Please take the entries below from the first line through the line containing "Монеты 1957 года" and repeat them exactly, leaving out everything after.

::::

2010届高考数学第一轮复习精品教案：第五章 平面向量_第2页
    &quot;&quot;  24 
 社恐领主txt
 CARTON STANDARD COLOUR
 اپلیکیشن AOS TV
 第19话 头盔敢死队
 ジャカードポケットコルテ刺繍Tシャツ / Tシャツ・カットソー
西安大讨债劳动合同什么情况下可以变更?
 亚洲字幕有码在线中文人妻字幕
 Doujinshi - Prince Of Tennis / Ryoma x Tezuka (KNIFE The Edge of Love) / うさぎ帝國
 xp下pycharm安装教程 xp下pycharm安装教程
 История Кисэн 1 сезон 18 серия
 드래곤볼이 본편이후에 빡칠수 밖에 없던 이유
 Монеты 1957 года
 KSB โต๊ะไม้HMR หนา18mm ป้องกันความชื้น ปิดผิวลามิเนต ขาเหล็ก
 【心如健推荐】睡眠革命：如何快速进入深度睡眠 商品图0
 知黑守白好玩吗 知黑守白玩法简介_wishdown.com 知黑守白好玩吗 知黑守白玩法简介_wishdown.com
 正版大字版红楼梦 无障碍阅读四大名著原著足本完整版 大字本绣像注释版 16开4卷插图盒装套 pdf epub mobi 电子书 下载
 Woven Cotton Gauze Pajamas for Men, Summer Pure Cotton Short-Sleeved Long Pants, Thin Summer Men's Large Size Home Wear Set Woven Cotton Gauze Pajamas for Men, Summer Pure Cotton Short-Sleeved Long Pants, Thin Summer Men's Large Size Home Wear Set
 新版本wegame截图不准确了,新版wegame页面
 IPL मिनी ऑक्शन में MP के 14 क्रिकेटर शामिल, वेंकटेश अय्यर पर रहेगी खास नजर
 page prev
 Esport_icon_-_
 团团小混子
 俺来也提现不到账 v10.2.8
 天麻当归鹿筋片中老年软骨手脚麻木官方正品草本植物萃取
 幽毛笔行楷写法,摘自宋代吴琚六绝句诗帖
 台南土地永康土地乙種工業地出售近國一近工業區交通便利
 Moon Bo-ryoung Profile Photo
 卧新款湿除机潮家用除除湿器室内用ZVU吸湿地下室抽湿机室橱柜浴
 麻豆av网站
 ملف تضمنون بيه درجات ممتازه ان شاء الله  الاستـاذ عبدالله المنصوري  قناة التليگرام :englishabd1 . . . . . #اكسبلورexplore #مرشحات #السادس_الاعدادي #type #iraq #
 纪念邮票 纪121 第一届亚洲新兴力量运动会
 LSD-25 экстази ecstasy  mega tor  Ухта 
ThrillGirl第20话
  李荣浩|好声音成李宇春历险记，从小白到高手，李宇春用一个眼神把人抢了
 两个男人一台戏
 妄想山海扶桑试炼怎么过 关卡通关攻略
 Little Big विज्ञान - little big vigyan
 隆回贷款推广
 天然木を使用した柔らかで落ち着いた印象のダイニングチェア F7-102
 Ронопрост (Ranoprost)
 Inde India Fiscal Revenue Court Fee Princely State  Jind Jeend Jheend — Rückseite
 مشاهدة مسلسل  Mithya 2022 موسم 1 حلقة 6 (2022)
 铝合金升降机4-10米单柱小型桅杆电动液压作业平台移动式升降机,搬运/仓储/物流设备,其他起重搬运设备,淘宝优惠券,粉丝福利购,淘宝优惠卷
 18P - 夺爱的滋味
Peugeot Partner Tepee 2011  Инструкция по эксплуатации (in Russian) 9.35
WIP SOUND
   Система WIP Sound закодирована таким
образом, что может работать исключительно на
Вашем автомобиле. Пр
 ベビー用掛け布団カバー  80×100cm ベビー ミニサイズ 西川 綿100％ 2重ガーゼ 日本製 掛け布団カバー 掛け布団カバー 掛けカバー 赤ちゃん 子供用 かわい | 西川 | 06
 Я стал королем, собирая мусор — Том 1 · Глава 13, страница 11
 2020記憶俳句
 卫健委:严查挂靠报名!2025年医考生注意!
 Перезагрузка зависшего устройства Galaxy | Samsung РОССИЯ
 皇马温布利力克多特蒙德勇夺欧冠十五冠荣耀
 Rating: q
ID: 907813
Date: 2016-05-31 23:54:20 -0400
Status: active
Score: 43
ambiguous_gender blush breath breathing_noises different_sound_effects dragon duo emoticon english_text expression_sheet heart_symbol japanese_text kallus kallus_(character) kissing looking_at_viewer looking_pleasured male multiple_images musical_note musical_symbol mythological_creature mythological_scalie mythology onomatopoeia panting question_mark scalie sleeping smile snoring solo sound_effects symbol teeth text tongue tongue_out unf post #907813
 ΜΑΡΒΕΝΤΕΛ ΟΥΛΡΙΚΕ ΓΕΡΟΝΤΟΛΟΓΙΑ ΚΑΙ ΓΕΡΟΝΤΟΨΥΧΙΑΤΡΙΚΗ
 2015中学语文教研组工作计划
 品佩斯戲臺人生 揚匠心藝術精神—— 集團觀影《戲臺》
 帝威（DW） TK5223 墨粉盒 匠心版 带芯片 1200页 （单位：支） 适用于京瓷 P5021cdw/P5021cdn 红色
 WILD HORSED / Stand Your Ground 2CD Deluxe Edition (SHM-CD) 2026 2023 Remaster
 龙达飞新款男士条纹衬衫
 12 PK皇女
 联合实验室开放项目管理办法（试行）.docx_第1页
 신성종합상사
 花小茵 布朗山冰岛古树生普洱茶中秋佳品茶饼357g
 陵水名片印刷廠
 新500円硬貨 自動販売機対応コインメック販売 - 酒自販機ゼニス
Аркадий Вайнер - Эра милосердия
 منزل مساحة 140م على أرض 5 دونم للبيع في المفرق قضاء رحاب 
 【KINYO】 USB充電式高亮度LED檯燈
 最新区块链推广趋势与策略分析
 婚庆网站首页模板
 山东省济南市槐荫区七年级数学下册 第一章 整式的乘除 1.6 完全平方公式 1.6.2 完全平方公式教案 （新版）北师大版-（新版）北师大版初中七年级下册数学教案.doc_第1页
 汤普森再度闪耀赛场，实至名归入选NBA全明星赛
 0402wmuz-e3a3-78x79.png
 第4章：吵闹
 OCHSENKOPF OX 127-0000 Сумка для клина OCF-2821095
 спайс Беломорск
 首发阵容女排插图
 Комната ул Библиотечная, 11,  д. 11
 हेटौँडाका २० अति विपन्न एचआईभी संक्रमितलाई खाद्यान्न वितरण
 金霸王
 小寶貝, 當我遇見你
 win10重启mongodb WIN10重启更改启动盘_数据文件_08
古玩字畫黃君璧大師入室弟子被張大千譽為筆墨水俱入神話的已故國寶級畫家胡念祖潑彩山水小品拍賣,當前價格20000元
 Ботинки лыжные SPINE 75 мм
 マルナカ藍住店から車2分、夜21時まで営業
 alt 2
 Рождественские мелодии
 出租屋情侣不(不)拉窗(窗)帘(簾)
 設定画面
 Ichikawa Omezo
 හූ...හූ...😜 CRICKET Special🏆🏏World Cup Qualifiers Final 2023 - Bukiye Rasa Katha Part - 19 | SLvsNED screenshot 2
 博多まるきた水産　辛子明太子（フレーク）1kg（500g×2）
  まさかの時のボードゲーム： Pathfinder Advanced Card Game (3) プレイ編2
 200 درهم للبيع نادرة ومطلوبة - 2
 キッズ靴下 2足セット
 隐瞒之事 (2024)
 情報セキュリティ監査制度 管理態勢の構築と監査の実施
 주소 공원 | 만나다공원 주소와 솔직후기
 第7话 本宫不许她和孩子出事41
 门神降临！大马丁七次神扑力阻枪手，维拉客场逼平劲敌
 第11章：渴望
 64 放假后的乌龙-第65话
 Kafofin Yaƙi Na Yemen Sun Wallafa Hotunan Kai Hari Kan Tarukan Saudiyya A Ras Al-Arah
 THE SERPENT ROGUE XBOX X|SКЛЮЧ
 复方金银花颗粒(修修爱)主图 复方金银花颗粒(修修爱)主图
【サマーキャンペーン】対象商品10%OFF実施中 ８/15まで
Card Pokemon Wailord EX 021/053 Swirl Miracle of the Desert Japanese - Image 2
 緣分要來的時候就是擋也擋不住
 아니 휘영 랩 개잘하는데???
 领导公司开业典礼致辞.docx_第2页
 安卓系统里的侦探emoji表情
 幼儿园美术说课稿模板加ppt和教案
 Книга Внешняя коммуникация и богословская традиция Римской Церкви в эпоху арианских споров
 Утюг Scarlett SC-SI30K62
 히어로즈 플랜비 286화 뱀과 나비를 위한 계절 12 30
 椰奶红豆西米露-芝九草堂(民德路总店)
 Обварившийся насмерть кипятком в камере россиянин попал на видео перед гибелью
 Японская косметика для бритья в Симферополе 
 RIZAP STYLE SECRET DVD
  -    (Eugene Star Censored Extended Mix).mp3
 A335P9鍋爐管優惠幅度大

::::

Answer for the task:
2010届高考数学第一轮复习精品教案：第五章 平面向量_第2页
    &quot;&quot;  24 
 社恐领主txt
 CARTON STANDARD COLOUR
 اپلیکیشن AOS TV
 第19话 头盔敢死队
 ジャカードポケットコルテ刺繍Tシャツ / Tシャツ・カットソー
西安大讨债劳动合同什么情况下可以变更?
 亚洲字幕有码在线中文人妻字幕
 Doujinshi - Prince Of Tennis / Ryoma x Tezuka (KNIFE The Edge of Love) / うさぎ帝國
 xp下pycharm安装教程 xp下pycharm安装教程
 История Кисэн 1 сезон 18 серия
 드래곤볼이 본편이후에 빡칠수 밖에 없던 이유
 Монеты 1957 года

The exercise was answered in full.